▶ _Task to complete_
Bring together all lines from the listing below that contain the string "Home".

▶ _Source material_

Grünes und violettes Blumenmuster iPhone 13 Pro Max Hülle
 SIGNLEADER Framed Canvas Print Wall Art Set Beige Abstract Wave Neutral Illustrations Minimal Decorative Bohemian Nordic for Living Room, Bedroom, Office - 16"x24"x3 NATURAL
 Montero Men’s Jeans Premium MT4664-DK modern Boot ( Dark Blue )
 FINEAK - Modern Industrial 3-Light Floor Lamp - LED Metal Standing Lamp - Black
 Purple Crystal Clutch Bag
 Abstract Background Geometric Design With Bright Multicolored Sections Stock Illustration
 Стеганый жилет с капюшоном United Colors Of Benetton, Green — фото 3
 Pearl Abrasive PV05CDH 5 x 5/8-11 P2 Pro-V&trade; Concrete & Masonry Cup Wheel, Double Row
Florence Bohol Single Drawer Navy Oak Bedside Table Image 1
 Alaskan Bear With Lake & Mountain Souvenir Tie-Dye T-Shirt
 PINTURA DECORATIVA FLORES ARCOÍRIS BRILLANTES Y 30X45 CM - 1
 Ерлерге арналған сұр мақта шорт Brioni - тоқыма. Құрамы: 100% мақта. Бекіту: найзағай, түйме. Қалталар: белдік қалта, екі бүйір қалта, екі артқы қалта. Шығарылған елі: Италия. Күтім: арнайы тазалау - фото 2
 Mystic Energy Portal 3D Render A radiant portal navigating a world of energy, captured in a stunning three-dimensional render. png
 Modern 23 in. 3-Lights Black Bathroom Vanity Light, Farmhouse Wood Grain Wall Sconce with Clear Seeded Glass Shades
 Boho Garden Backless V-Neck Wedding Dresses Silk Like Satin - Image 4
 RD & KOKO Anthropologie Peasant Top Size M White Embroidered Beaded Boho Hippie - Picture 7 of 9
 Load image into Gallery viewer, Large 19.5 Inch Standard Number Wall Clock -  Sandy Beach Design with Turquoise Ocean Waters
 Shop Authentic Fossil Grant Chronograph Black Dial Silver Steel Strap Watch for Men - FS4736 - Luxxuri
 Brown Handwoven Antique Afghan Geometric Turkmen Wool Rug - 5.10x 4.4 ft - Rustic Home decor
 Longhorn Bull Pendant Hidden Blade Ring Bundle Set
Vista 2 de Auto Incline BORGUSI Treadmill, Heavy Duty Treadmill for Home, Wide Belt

▶ _Reply to the task_
 Brown Handwoven Antique Afghan Geometric Turkmen Wool Rug - 5.10x 4.4 ft - Rustic Home decor
Vista 2 de Auto Incline BORGUSI Treadmill, Heavy Duty Treadmill for Home, Wide Belt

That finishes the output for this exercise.